==== AVAILABLE DATA ====

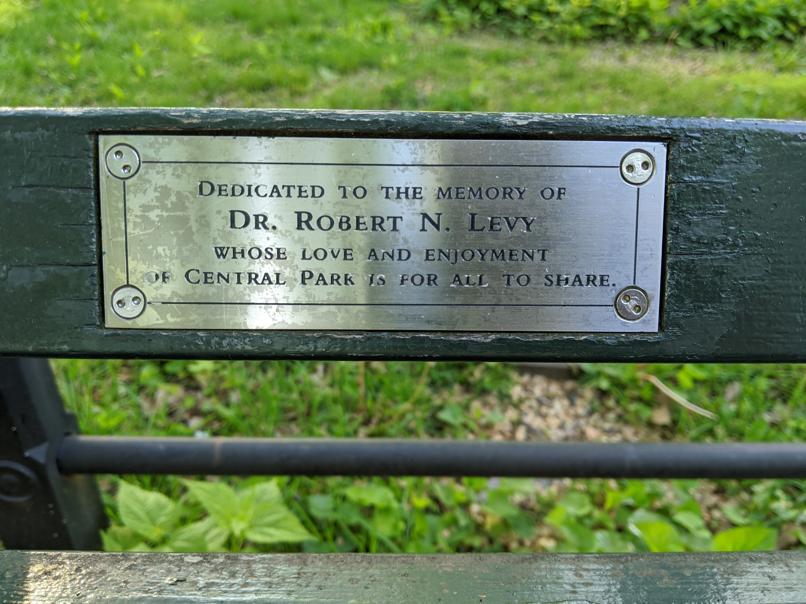 I saw this bench in Central Park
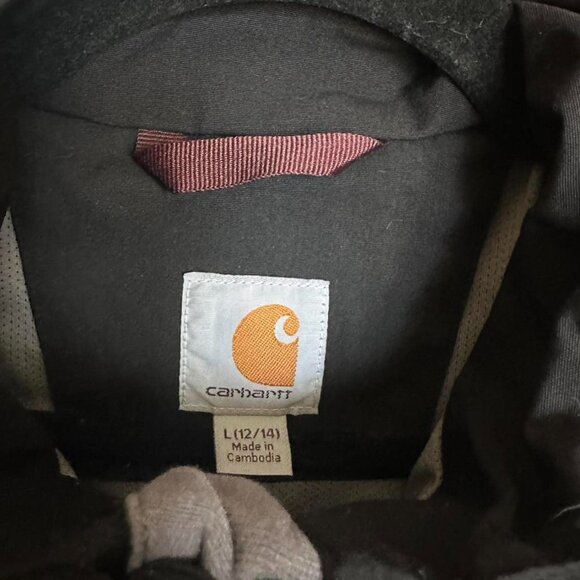 Carhartt Women's Hooded Shoreline Jacket Size Large Black - Picture 3 of 8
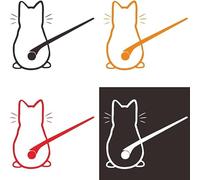 YRUISI Adesivo per tergicristallo posteriore per auto, divertente gatto che si muove coda agitando tergicristallo adesivo riflettente per parabrezza adesivo impermeabile in vinile (nero + rosso (due)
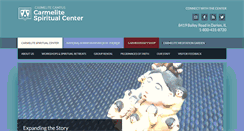Desktop Screenshot of carmelitespiritualcenter.org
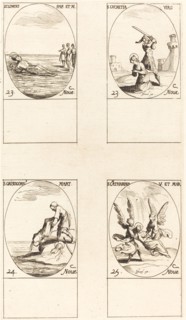St. Clement; St. Lucretia; St. Chrysogonus; St. Catharine.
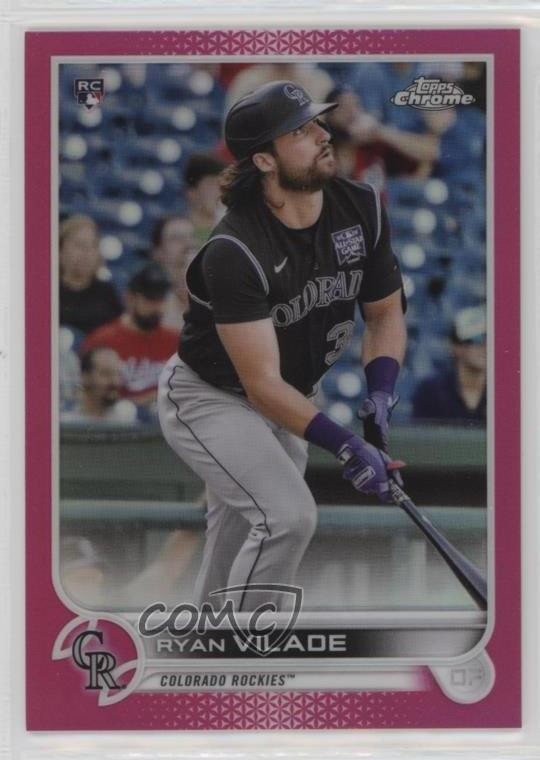 2022 Topps Chrome Magenta Refractor 112/399 Ryan Vilade #85 0he2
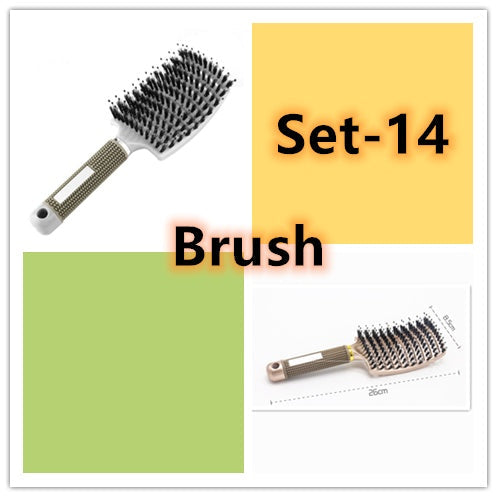 Hairbrush Anti Klit Brushy Haarborstel Women Detangler Hair Brush Bristle Nylon Scalp Massage  Teaser Hair Brush Comb Everware Hub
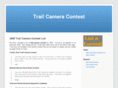 trailcameracontest.com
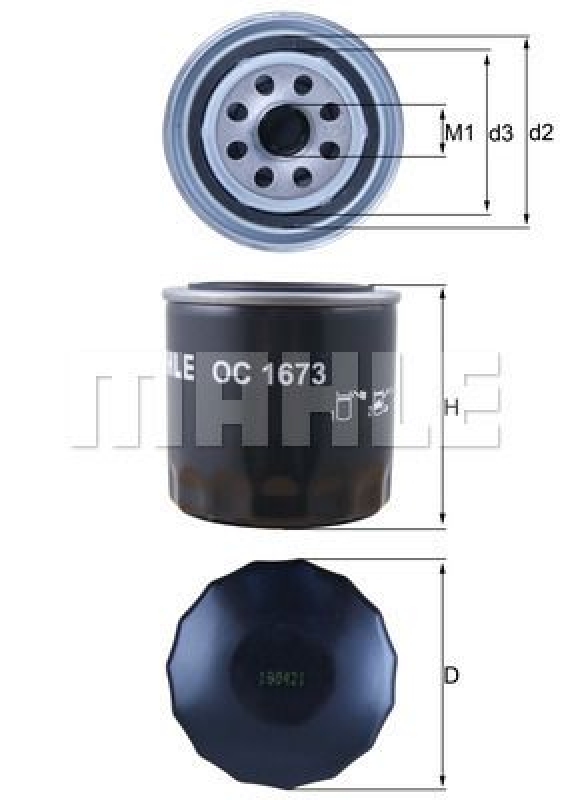 MAHLE Oil Filter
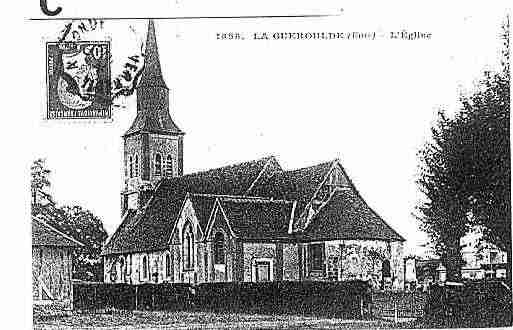 Ville de GUEROULDE(LA) Carte postale ancienne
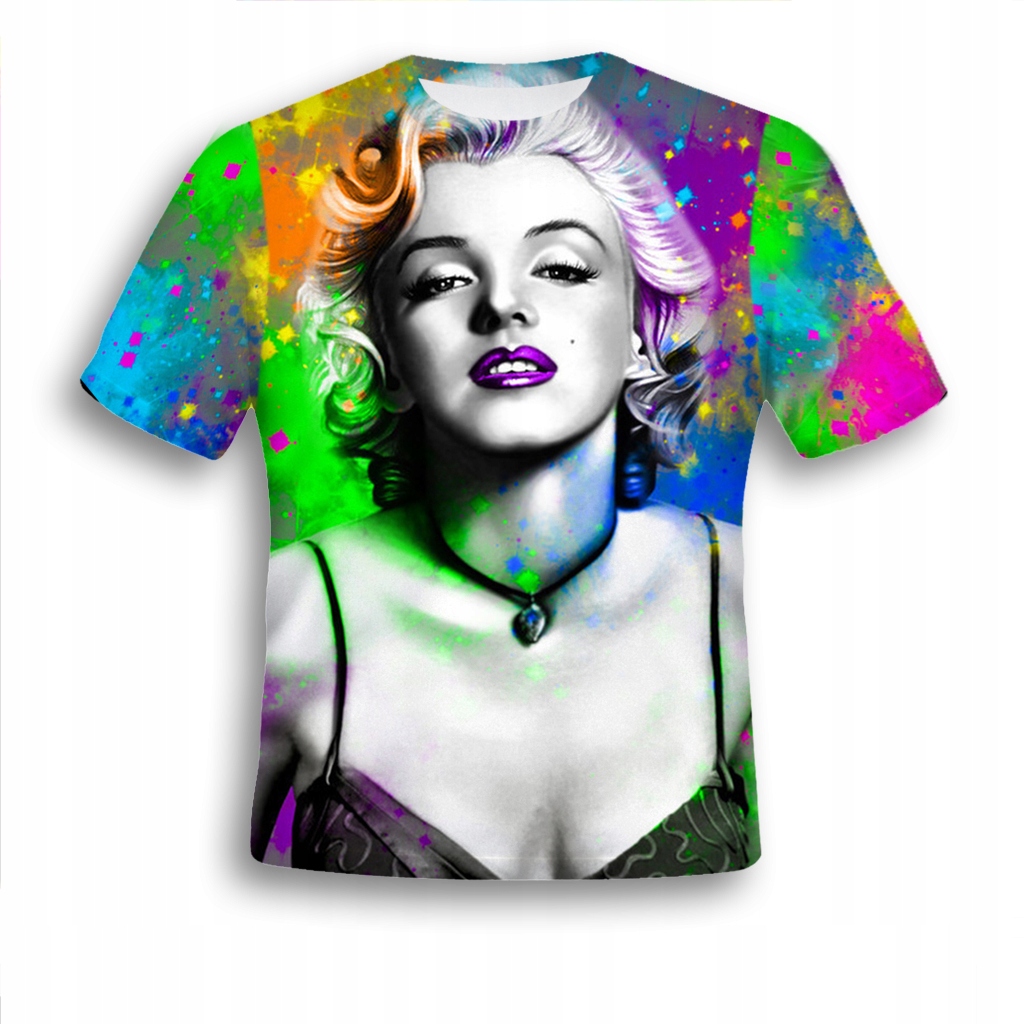 

Koszulka Full Print Marilyn XL Trwała Polska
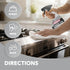 Weiman Stainless Steel Cleaner & Polish, Anti Fingerprint Spray Stainless Steel Cloth, Water Spots & Grease, No Streaks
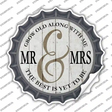 Mr and Mrs White Novelty Bottle Cap Sticker Decal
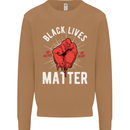 Black Lives Matter Mens Sweatshirt Jumper Caramel Latte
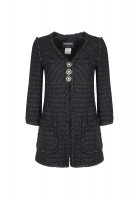 Black Decorative-Hardware Chanel Jacket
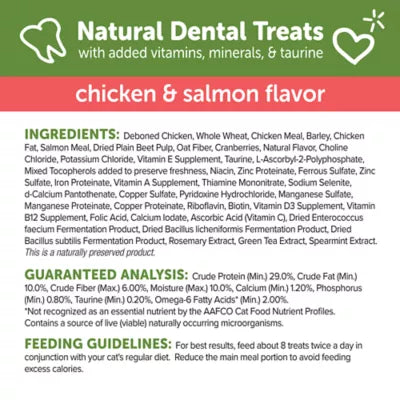 Whimzees Dental Cat Treat Salmon
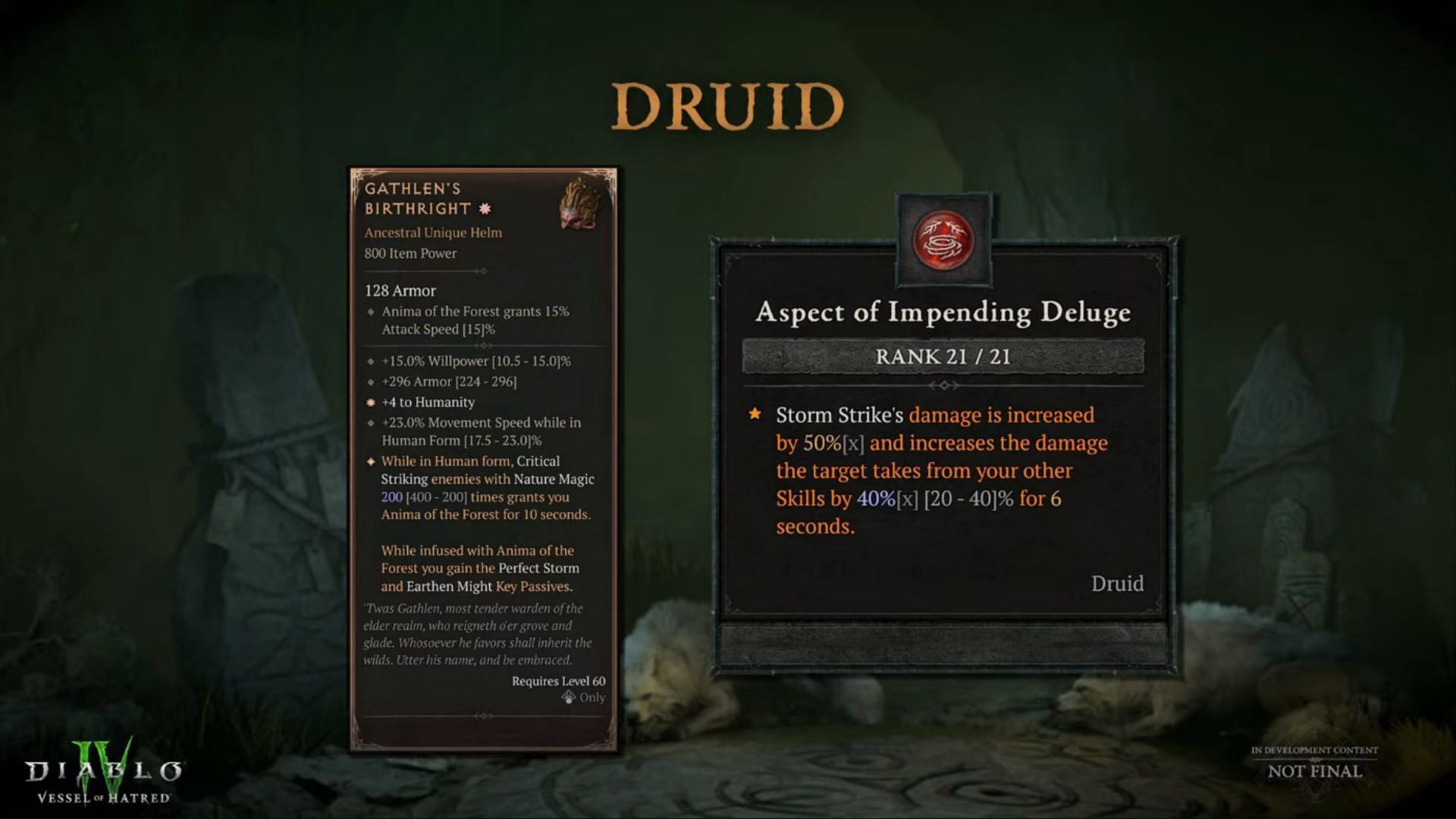 Druids now have some support for Human form builds (Image via Blizzard Entertainment)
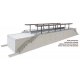 Elevated Commuter Station -- Kit - 20-1/2 x 6-7/8 x 4-11/16′ 52 x 17.4 x 11.9cm, HO, Walthers Cornerstone 4563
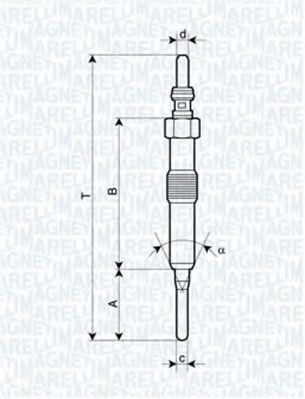 Bujie incandescenta RENAULT CLIO IV (2012 - 2016) MAGNETI MARELLI 062900089304 piesa NOUA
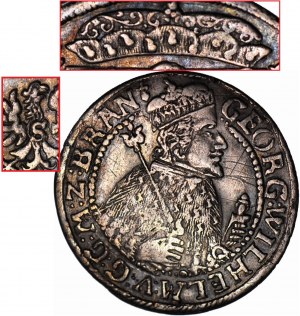 RR-, Krone Preußen, Georg Wilhelm, Ort 1624, Königsberg, S Sigismund der Alte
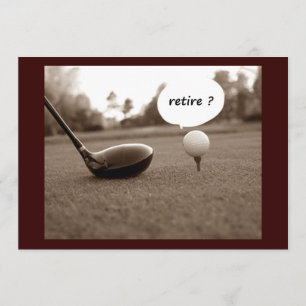 INVITATION "EINZIGARTIGES RETIREMENT-PARTY" (GOLF- EINLADUNG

====

--- WHAT TO DO ---
Set the pictures aside and repeat only the lines from the one containing "Bujie incandescenta RENAULT" through the last line of the entries above, exactly as they stand.

--- TASK SOLUTION ---
 Bujie incandescenta RENAULT CLIO IV (2012 - 2016) MAGNETI MARELLI 062900089304 piesa NOUA
 RR-, Krone Preußen, Georg Wilhelm, Ort 1624, Königsberg, S Sigismund der Alte
 INVITATION "EINZIGARTIGES RETIREMENT-PARTY" (GOLF- EINLADUNG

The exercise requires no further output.